Shine a light on rain
  (+7, -2)
(+7, -2)
  [vote for,

Using refraction and rainbow technology, it should be possible to advertise right on airborne drops of moisture. Simply vary the color makeup of your light source. For example, if I want to draw a curved rectangle, I'd shine full spectrum light to the right and left sides, and deep blue and violet everywhere else.

This would be eye-catching advertising with many uses. I'm imagining a campaign: "Free umbrellas to the next 100 customers at Ursula's Umbrella Emporium"

Worldgineer, Jun 23 2006

Thanks for the inspiration, Charlie. Use_20of_20Rainbow_20Science
[Worldgineer, Jun 23 2006]

Water Screens http://www.lasersho...t/water-screen.html
[theircompetitor, Jun 23 2006]

Mist projections. http://www.art2arch...eventful/prague.htm
[2 fries shy of a happy meal, Jun 24 2006]

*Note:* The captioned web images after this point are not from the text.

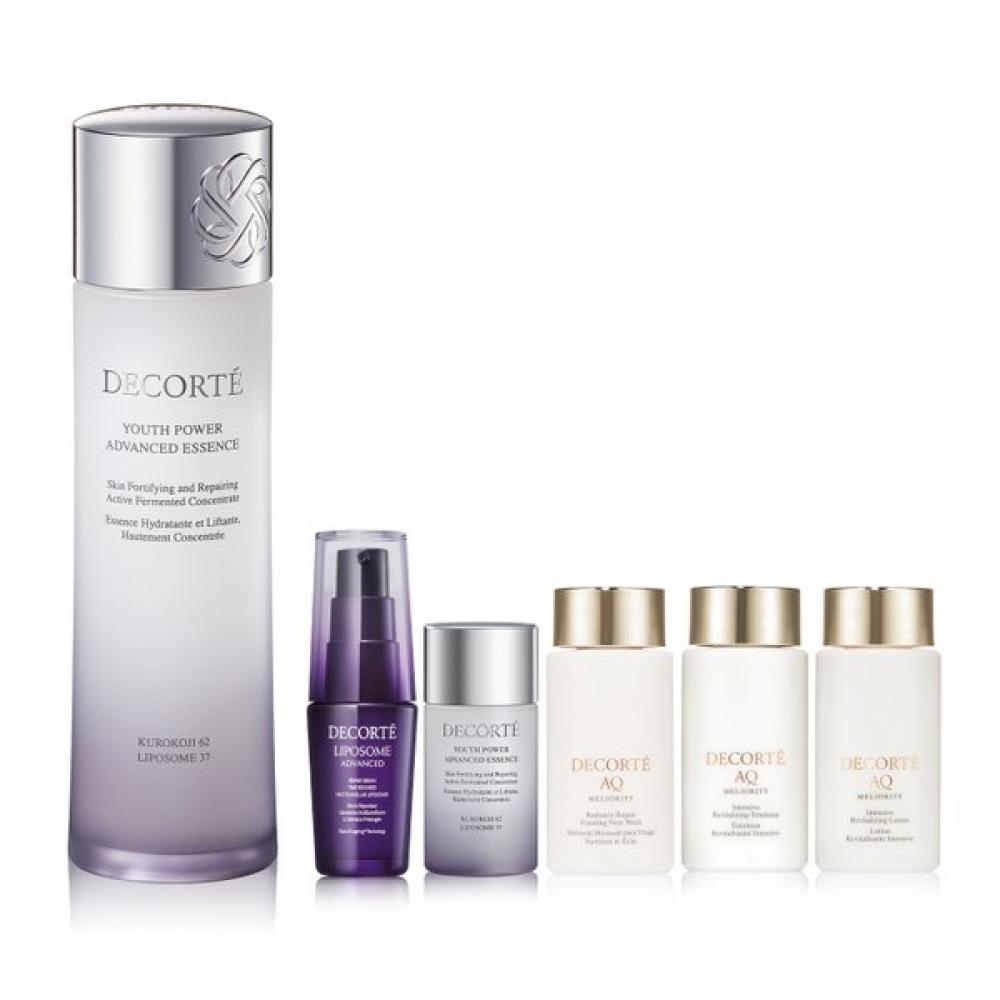 Набор Decort Youth Power Advanced Essence Single option
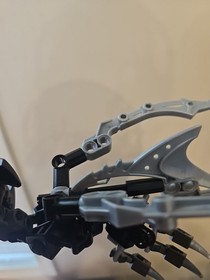 LEGO BIONICLE: Hydraxon (8923) 100% Complete Mahri Nui Warrior Kanohi Mask 2007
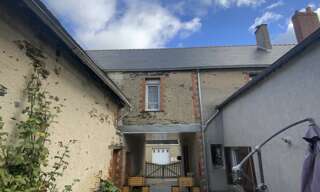 Maison 6 Pièces 101 m² à vendre à Ombrée d'Anjou (49420)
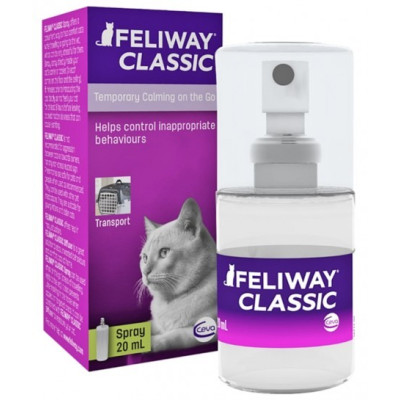     Feliway Spray 60 ml
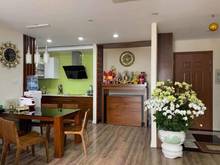 Hình ảnh Cần bán chung cư N04 Hoàng đạo thúy 120m2 chia 3 ngủ full nội thất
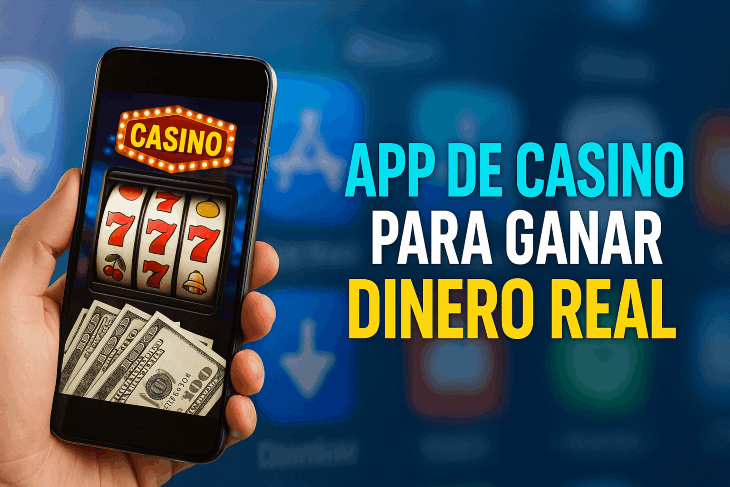 App De Casino Para Ganar Dinero Real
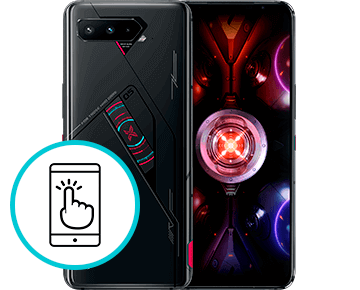 Замена тачскрина на телефоне Asus ROG Phone в Москве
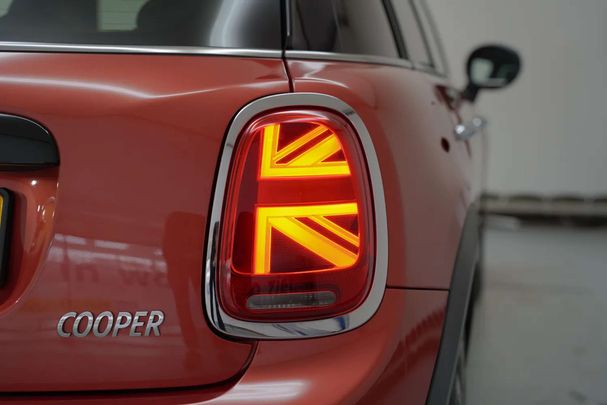 Mini Cooper 100 kW image number 36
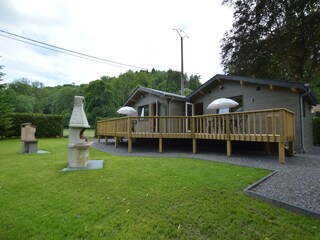 Maison de vacances Bomal Enregistrement extérieur 4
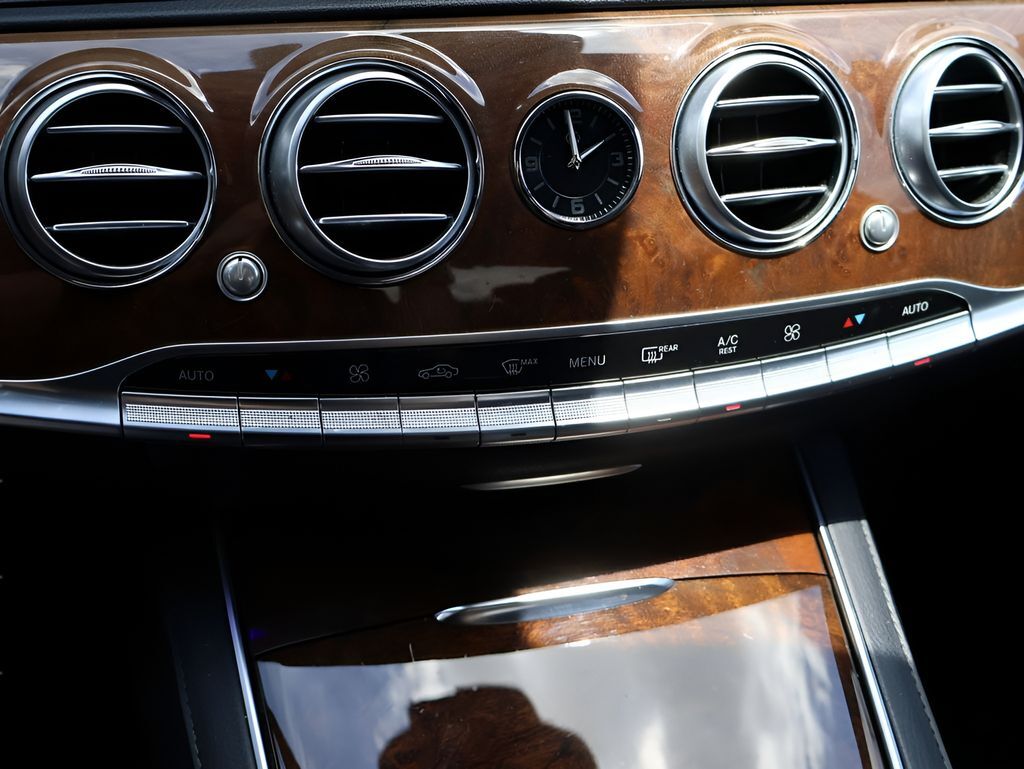 2015 Mercedes-Benz S-Class S 550 San Clemente CA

Moonbow http://en.wikipedia.org/wiki/Moonbow
[Ling, Jun 25 2006]


       Yup, that sounds like Rainbow Pseudoscience.
nihilo, Jun 23 2006

       [ni] - how so? It's simple refraction, combined with filtered light.
Worldgineer, Jun 23 2006

       This reminds me of the Batman call for some reason...
BJS, Jun 24 2006

       It would be a lot like the Batsignal, but I don't think it would work well. The described technique is interesting, though.
baconbrain, Jun 24 2006

       Why wouldn't it work well? I'm picturing the resulting image looking quite a bit like a rainbow, only with pieces missing (such as the box in my example). Sure you'd need a lot of light in the daytime, but you could use this at night using less energy than a spotlight.
Worldgineer, Jun 25 2006

       I disagree. Let's compare it to a spotlight shining on a cloud. This works using diffuse light, shining in all directions. One way to estimate the energy used is by imagining all of the locations you could be in and see it. Right under the cloud you'll see a bright light above, and it will fade as you get further. But you'll still see the thing for miles.   

       In contrast let's look at the rainbow example. This would work using refraction, which is similar to reflection. Refracted light doesn't go everywhere like diffuse light - it stays fairly coherent. This hurts us in that not everyone within a few miles radius can see it, but helps in that since only a relatively small area will see it you can both target an exact location, and it will use less energy.   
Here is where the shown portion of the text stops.